Overview
Reserved clusters come with production-ready monitoring out of the box—no setup required. Our monitoring is built to meet the ClusterMAX™ standard, the industry benchmark for GPU cloud infrastructure developed by SemiAnalysis. Detect hardware issues early, minimize downtime, and keep your training runs on track with:- Preconfigured Grafana dashboards covering critical GPU, node, and network metrics
- Proactive alerting delivered to your preferred channels the moment issues arise
- GPU health monitoring including XID error detection and hardware anomaly tracking
Accessing the Dashboard
Your cluster includes a Grafana dashboard for visualizing metrics.

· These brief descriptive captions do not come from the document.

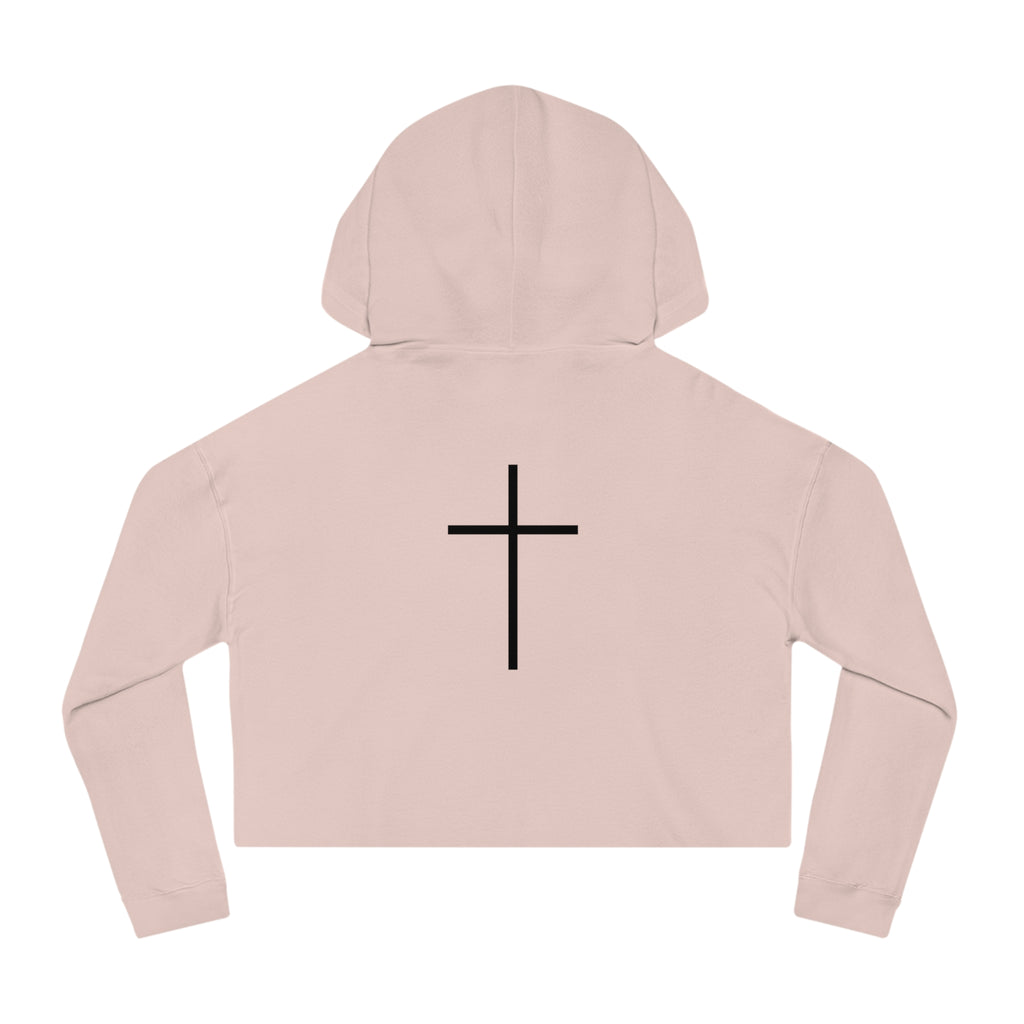 'Saved Not Soft' Cropped Hoodie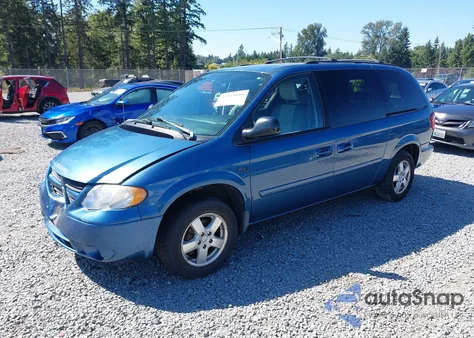 2006 Dodge Grand Caravan Sxt из США, поврежденный, VIN 2D4GP44L66R724167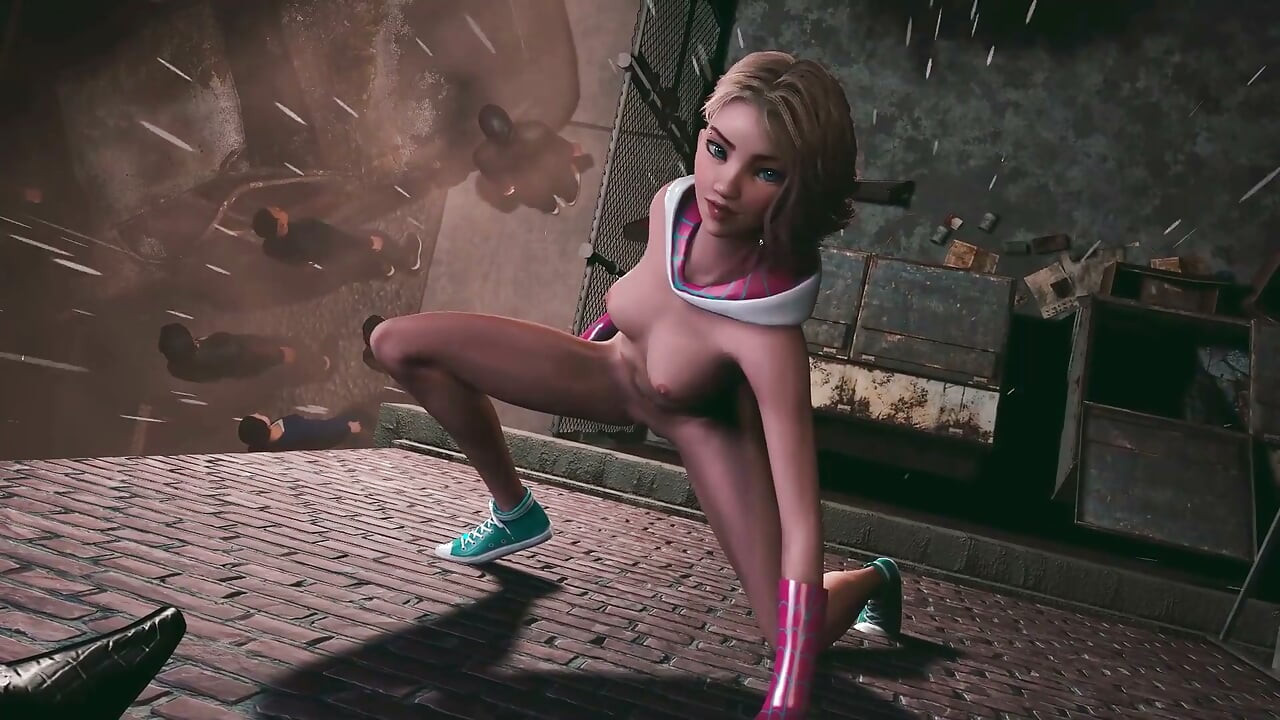 Spider Gwen neukt Venom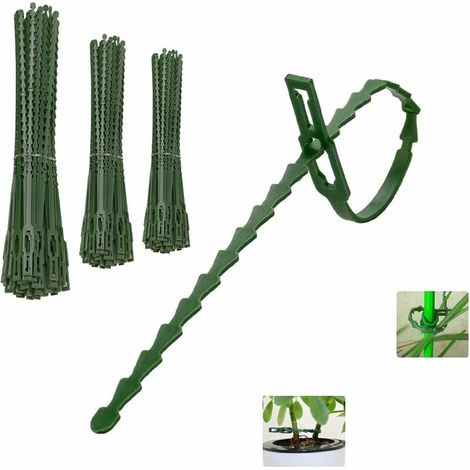 220 Verstellbare Pflanzenbinder Aus Kunststoff, Flexible Pflanzenstützen, Längen 13/17/23 Cm, Wiederverwendbare Und Tragbare Tomatenstützen Für Pflanzen, Sträucher, Garten, Haus Und Büro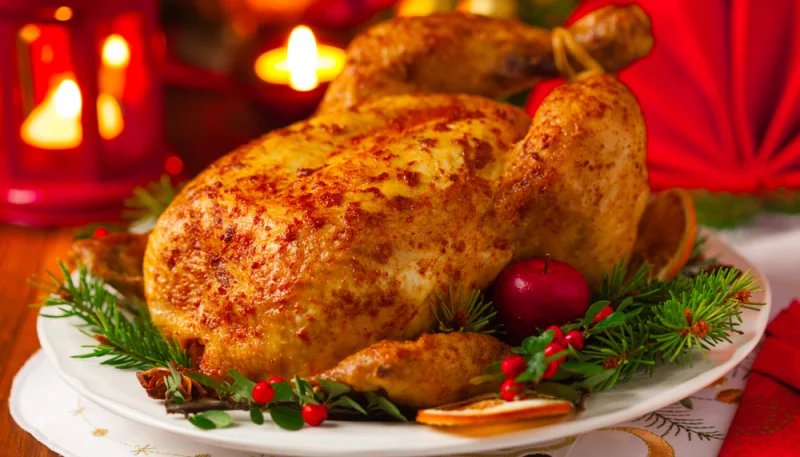 Poulet de Noël aux marrons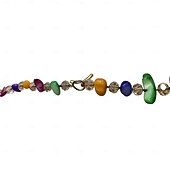 baratos Acessórios de penteados-Arco-íris cristal doce cor 120 cm de comprimento colar suéter nicho de corrente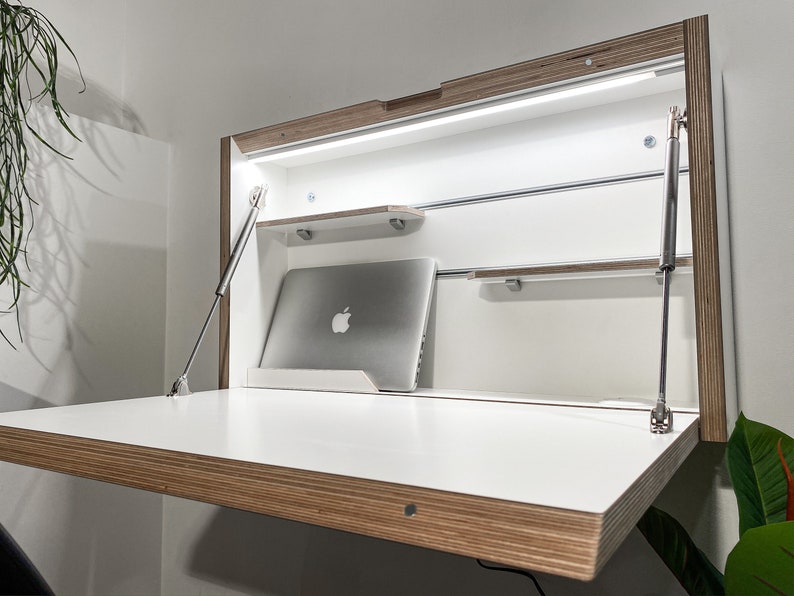 Wall Mounted Folding Desk Space Saving Desk Office Desk Etsy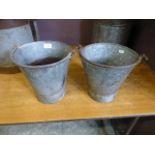 Two small old pails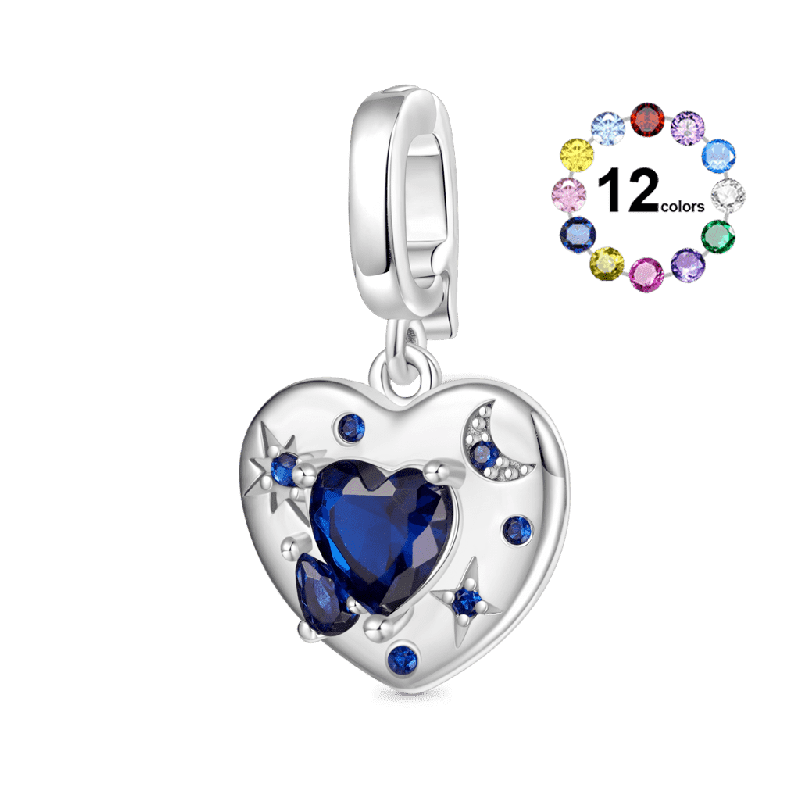 Colgante Hebilla Luna Corazón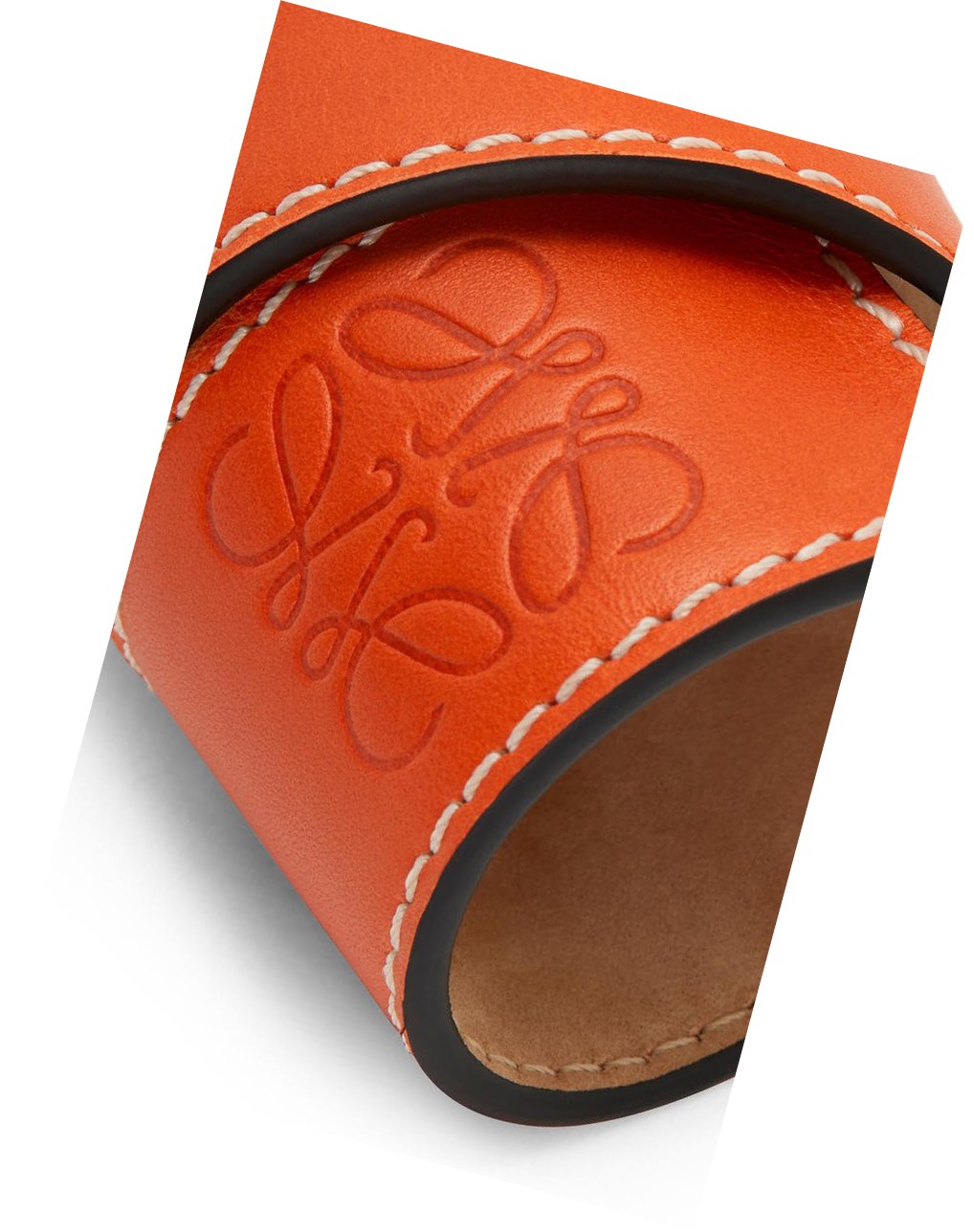 Loewe Small slap bracelet in calfskin Orange | 2138OUVFZ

Access is provided during the cluster handover process—once your reserved cluster is ready, you will receive the dashboard URL and credentials from the Prime Intellect team.Available Metrics
The monitoring dashboard includes preconfigured graphs for critical metrics across your cluster:| Category | Metrics | Source |
|---|---|---|
| GPU | Utilization, memory, temperature, power usage, interconnect throughput (PCIe, NvLink) | DCGM Exporter |
| Node | CPU, memory, disk, and network usage | Node Exporter |
| InfiniBand | Throughput, port errors, and discards | Node Exporter |
| Slurm | Node states, cluster utilization, and running jobs | Slurm Exporter |

Troubleshooting with the Dashboard
When a training job fails, use the dashboard to quickly identify the root cause. In large clusters, alerts eliminate the need to manually hunt for the bad node—they tell you exactly which node and device has the issue.1. Check XID Alerts First
Start with the Alert list in the Cluster Overview. XID alerts identify the exact node and GPU device experiencing issues, so you can pinpoint problems immediately without searching through hundreds of nodes. XID errors are NVIDIA’s GPU error codes reported by the kernel driver. Each code indicates a specific hardware or software issue—from memory errors to thermal shutdowns. Use the NVIDIA XID Error Catalog to look up the error code and understand the recommended action.2. Check InfiniBand Performance
Next, expand the InfiniBand Metrics section and look for:- Port Errors - Non-zero values indicate connectivity problems
- Throughput drops - May explain slow collective operations during distributed training
3. Review Secondary Metrics
For additional context, check:- GPU Temperature - Spikes above 80°C may indicate cooling issues
- GPU Utilization - Sudden drops to 0% during training suggest failures
- Slurm Nodes State - See if any nodes are marked as “down”
Adjust Time Range
Use the time picker (top right) to zoom into the incident window or compare with historical baseline.Alerting
Get notified immediately when something needs attention. Alerts are triggered when metrics exceed critical thresholds, so you can respond before issues impact your workloads.Notification Channels
Alerts can be delivered to your preferred channels:- Slack - Receive alerts directly in your Slack workspace
- Microsoft Teams - Get notifications in your Teams channels
- Webhooks - Integrate with any provider that accepts webhooks
Creating Custom Alerts
You can create custom alert rules directly in Grafana for your specific workloads. Here’s how:1
Open Alert Rules
In your Grafana dashboard, navigate to Alerting → Alert rules → + New alert rule.
2
Define Query and Condition
Select your data source and write a query for the metric you want to monitor. Then set the condition that triggers the alert (e.g.,
GPU temperature > 80°C).3
Set Evaluation Behavior
Configure how often the rule is evaluated and how long the condition must be true before firing. This helps prevent false alarms from brief spikes.
4
Configure Notifications
Choose where to send alerts—use an existing contact point (Slack, Teams, webhook) or create a new one.
5
Save and Activate
Click Save rule to activate your custom alert.